» Task brief
For the entries that follow, retype exactly the lines from the one containing "Certified 2025 MINI Cooper S image 5" to the one containing "Auto sales plummets in January", inclusive, and only those. Images stay out of the copy.

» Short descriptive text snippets
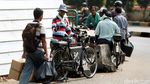 Persaingan Ketat, Ojek Sepeda Tetap Bertahan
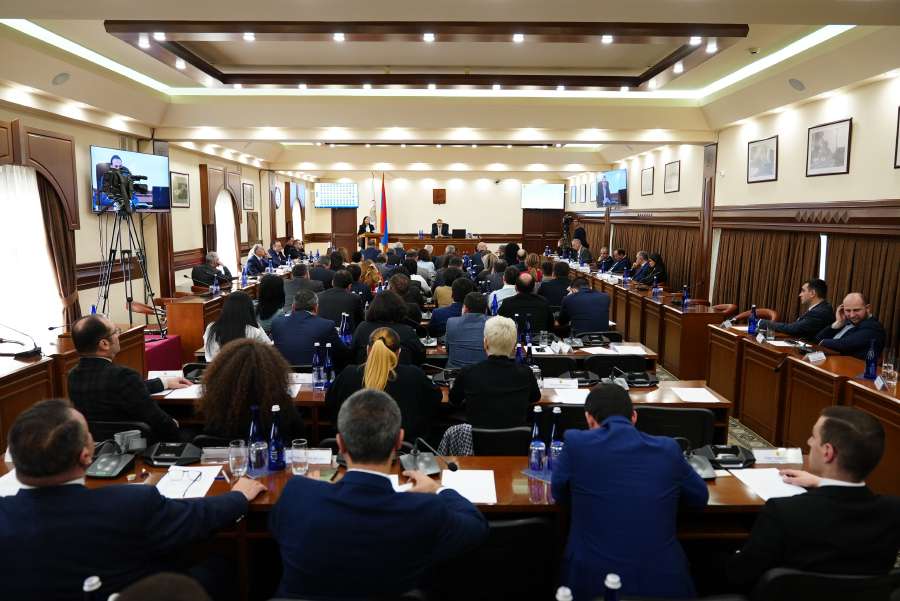 Անուշ Գինոսյանի և Անույշ Խուդավերդյանի լիազորությունները դադարեցվեցին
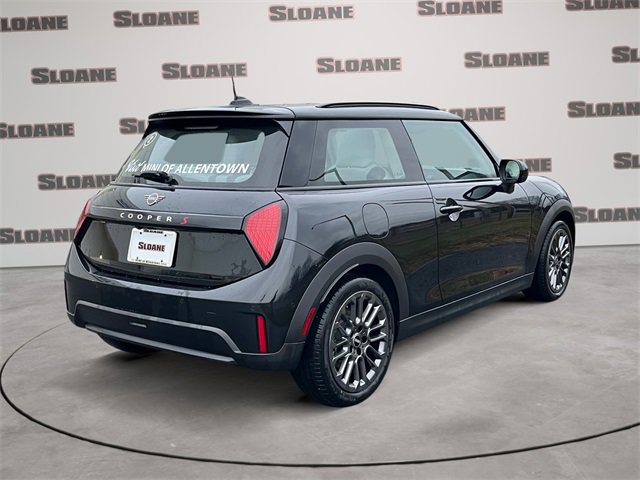 Certified 2025 MINI Cooper S image 5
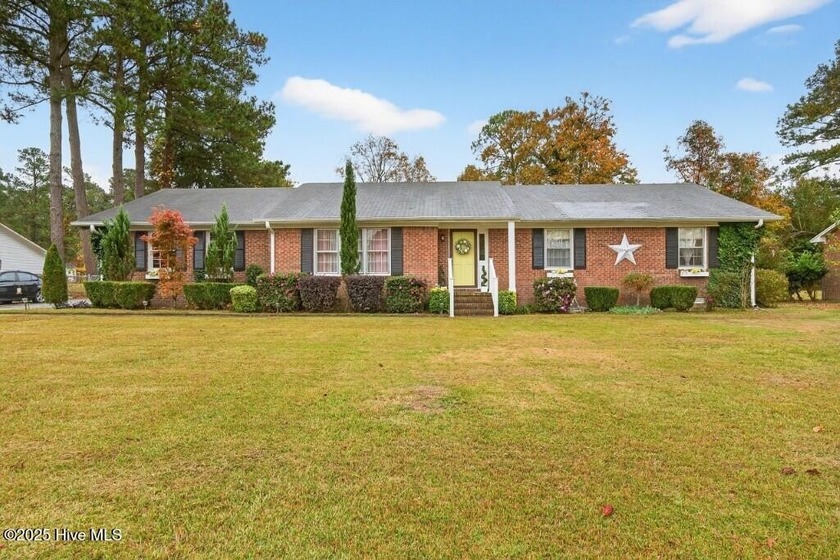 Welcome to this beautifully updated brick ranch in the Cypress - Beach Home for sale in New Bern, North Carolina on Beachhouse.com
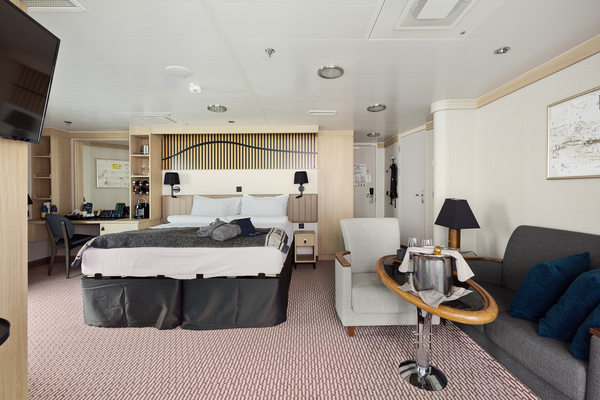HX Hurtigruten Expeditions MS Fram Expedition Suite Grand Suite 8 ©Espen Mills.jpg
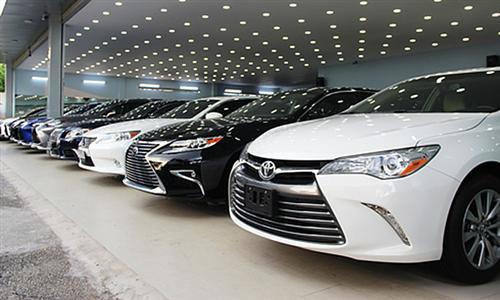 Auto sales plummets in January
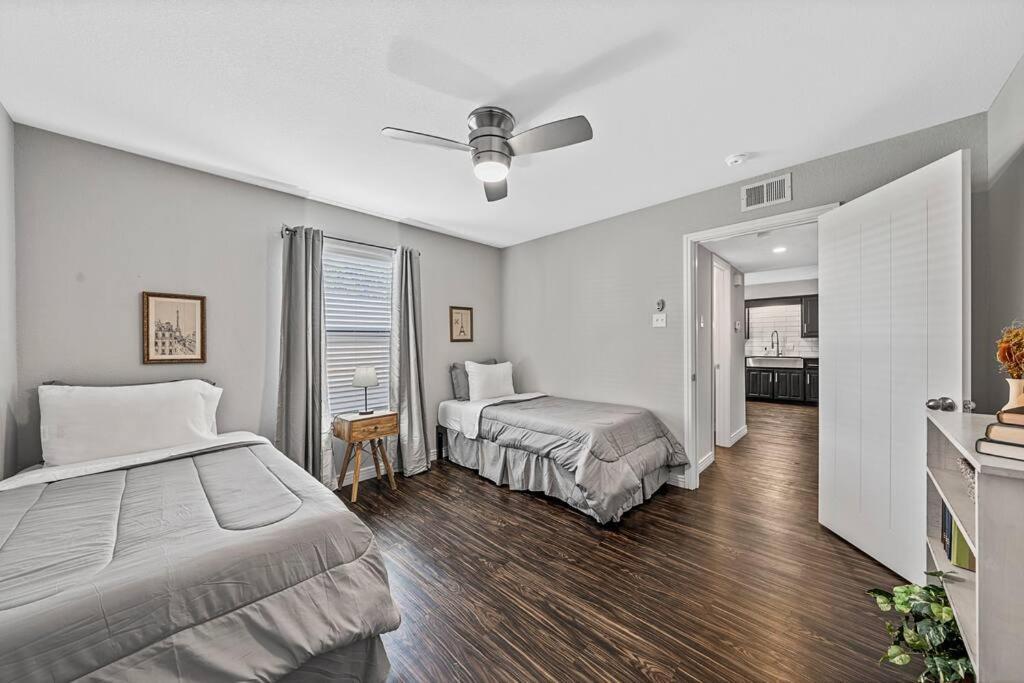 Luxe Condo In City Center Waco Esterno foto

» Task result
 Certified 2025 MINI Cooper S image 5
 Welcome to this beautifully updated brick ranch in the Cypress - Beach Home for sale in New Bern, North Carolina on Beachhouse.com
HX Hurtigruten Expeditions MS Fram Expedition Suite Grand Suite 8 ©Espen Mills.jpg
 Auto sales plummets in January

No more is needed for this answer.